Exercise goal — The line containing "Opel Vivaro - 12" marks the end: restate word for word every line from the first line of the entries below through that one.

[[ Material for this task open ]]

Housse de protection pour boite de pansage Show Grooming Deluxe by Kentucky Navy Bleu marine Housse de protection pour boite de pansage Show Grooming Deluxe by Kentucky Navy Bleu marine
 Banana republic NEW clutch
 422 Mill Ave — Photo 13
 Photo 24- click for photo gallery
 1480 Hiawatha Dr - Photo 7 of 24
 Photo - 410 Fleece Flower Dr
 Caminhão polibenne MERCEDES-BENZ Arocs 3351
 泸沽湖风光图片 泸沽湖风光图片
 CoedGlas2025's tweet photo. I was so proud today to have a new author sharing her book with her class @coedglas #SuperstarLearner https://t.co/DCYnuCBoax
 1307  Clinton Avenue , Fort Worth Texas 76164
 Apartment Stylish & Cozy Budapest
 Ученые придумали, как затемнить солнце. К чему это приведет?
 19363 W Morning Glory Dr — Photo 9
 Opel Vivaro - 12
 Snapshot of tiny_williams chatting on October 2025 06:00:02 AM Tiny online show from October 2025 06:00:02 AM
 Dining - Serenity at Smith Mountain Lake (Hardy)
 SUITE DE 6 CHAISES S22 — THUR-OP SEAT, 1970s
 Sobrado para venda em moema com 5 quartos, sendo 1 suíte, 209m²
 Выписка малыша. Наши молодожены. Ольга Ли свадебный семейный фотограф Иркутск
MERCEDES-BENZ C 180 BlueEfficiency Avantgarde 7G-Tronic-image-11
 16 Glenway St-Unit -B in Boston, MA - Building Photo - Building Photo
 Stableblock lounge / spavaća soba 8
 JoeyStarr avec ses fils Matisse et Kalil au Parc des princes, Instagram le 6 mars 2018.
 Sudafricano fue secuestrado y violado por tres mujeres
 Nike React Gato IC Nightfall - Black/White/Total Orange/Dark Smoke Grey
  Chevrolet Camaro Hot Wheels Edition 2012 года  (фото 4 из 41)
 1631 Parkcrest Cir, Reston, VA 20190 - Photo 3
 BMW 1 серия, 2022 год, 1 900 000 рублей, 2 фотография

[[ Material for this task closed ]]

Reply —
Housse de protection pour boite de pansage Show Grooming Deluxe by Kentucky Navy Bleu marine Housse de protection pour boite de pansage Show Grooming Deluxe by Kentucky Navy Bleu marine
 Banana republic NEW clutch
 422 Mill Ave — Photo 13
 Photo 24- click for photo gallery
 1480 Hiawatha Dr - Photo 7 of 24
 Photo - 410 Fleece Flower Dr
 Caminhão polibenne MERCEDES-BENZ Arocs 3351
 泸沽湖风光图片 泸沽湖风光图片
 CoedGlas2025's tweet photo. I was so proud today to have a new author sharing her book with her class @coedglas #SuperstarLearner https://t.co/DCYnuCBoax
 1307  Clinton Avenue , Fort Worth Texas 76164
 Apartment Stylish & Cozy Budapest
 Ученые придумали, как затемнить солнце. К чему это приведет?
 19363 W Morning Glory Dr — Photo 9
 Opel Vivaro - 12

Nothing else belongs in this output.